米开朗基罗·皮斯托来德,《迷宫》(Michelangelo Pistoletto,The Labyrinth )

(Luka Yang|文 蛇形画廊|图片提供)现实本身即是一个巨大材料库,它充满了神秘的可能性。在我们的生活里,有无数被人所忽略的天然创作材料,譬如废报纸与旧木板,它们躺在静静地路边,期盼着被人赋予新的生命。60 年代的“贫穷艺术”热潮所提倡的便是这种创作理念。今年,“贫穷艺术”运动的主力军米开朗基罗·皮斯托来德(Michelangelo Pistoletto)在伦敦蛇形画廊的举办了一次大型回顾展。艺术家根据蛇形画廊本身的建筑结构,搭建了一座巨大的迷宫。而构建这迷宫的主要材料即是我们生活中最为常见的两件东西:废弃纸壳与镜子。而在皮斯托来德的作品中,它们如同巴洛克时期的建筑一般,令人叹为观止。四种宗教的符号出现在迷宫中的不同角落:伊斯兰教的毯子、佛教的雕像、基督教的木质跪垫以及两面代表犹太教的玻璃拱形。这四件宗教符号均被放置在镜面之前,形成了无数种奇妙的反射关系,似乎将这迷宫连接成了一个巨大的结界 ,而穿梭在其中的观者也成为了装置中的一部分,迷失,盘旋,而又再次回到原点,时不时地遇上镜中正在寻找出口的自己,一如每个人都必将经历的人生的迷宫。生死轮回的概念是皮斯托来德的作品永恒的主题。在这看似无尽的玻璃迷宫中,无论彼此的宗教信仰多么不同,最终我们都是要前往同一个出口——天堂。(时间:2011 年6 月 4 日~2011 年 9 月 28 日 地点:英国伦敦 蛇形画廊)

未完成时态


马克·布鲁埃尔个展《视线之光》(Light of sight )展览现场

(刘玥|文 de Young Musuem|图片提供)正踱步走在美术馆,一转弯突然发现个好似正在布展中的房间。一切工作正进行到一半,只是没有门帘遮掩,工人们也不知哪儿去了。还是拗不过好奇心,探头探脑地小心进去这个空间,看了导览才知道这整个房间都是德国当代摄影师马克·布鲁埃尔(Marco Breuer)的装置作品。布鲁埃尔一向喜欢用数码方式处理抽象摄影作品,加上各种“后期制作”——譬如热风枪、剃刀刀片、燃烧的棉花、在照片纸上点燃导火线……这次他又尝试将摄影和装置艺术结合起来:白色的墻上有各种铅笔书写的标记和文字,一些区域被用来悬挂装裱完毕的作品,另一些区域则划了大叉标记并用细钉钉牢。画面中呈现了两扇 19 世纪的铜镜,它们被雪梨纸和胶带包裹着关键部位,一如其在博物馆储藏室中的着装。在一个细线拉出的空间内,一把椅子端端正正地面对着布鲁埃尔的同心圆摄影,像是在邀请观众们安静地欣赏他的作品。然而,这条线仿佛又摆出拒绝的姿态,让人感觉坐上椅子就会被那漩涡状画面催眠似的,充满矛盾和幽默感。布鲁埃尔利用人们的思维定势,使自己的展区和美术馆其他展区变成不同属性的领域。看着人们在门口窃窃私语,或是张望着不敢进去,这个热衷于实验艺术的摄影师指不定正躲在角落偷笑呢。(时间:2011 年 5 月 2 日~2011 年10 月 2 日 地点:美国旧金山 帝扬美术馆)

科技馆化的美术馆


劳伦斯· 马斯塔夫, 《正在现场转播节目的艺术学校》(Lawrence Malstaf,Nemo Observatorium )

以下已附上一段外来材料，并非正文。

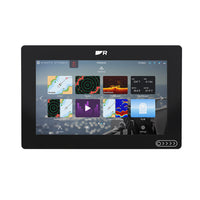Raymarine Axiom 2 9 Display-Only MFD E70722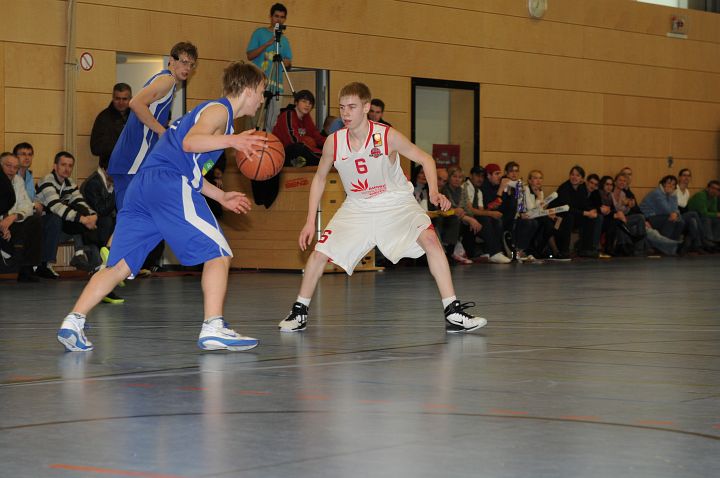 Foto &copy;Stefan Weber, 2011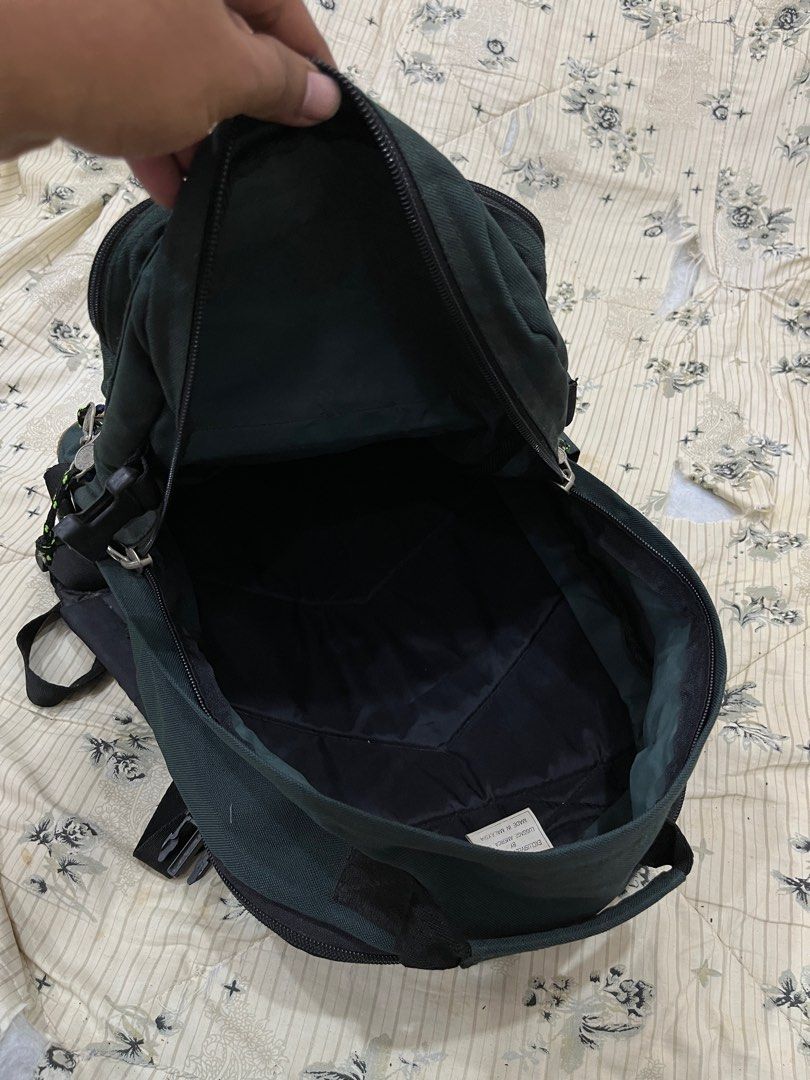 Sports plus olympia backpack deals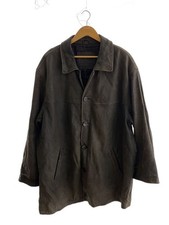 Angelo Litrico/Leather Jacket
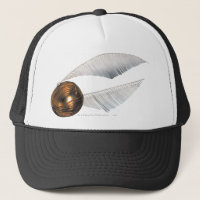 Harry Potter Spell | Golden Snitch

(逃逃︱文 张尕|图片提供)“延展生命”的口气不小,从气候污染到生态危机,满眼大得可以飞上天去的话题。这样的终极命题大抵只有中国美术馆这样的空间可以承受得起。作为“国际新媒体艺术三年展”,门类其实也够丰富,23 个国家近 80 位艺术家的 50 件作品,霸占了中国美术馆一层 3 个展厅,三层及五层的所有展厅。整个展览以新媒体为名,却并不见聪明讨巧的作品。4000 余平方米的空间瞬间被称科技馆,或互动体验,或直观粗暴的装置被分类,分头扣上“惊异之感”、“临界之境”、“悬迫之域”抽象的帽子。功夫不小,却为过于沉重地关注人与自然,关于生命展望的讨论所束缚,责任感突然袭来,灵气退散。美术馆主楼前室外空间,由中国建筑师马岩松联合多国艺术家创作大型装置作品“天气隧道”成为整个展览最出位的作品,虽说小孩子对隧道里跳动的机械、或膨胀或干瘪的气球好奇尚存,可忍不住想说,新媒体不等于科技创新,各位受众。虽同属公共设施,可受众有别。请把美术馆还给艺术品,让给科技创新归位于科技馆。这大抵并算不上是一个纯粹的展览。(时间:2011 年 7 月 27 日~2011 年 8 月 17 日 地点:中国北京 中国美术馆)

当代人类学艺术家


(左)苏珊·海勒,《纪念碑》(Susan Hiller, Monument )
(右)苏珊·海勒,《一种娱乐》(Susan Hiller, An Entertainment )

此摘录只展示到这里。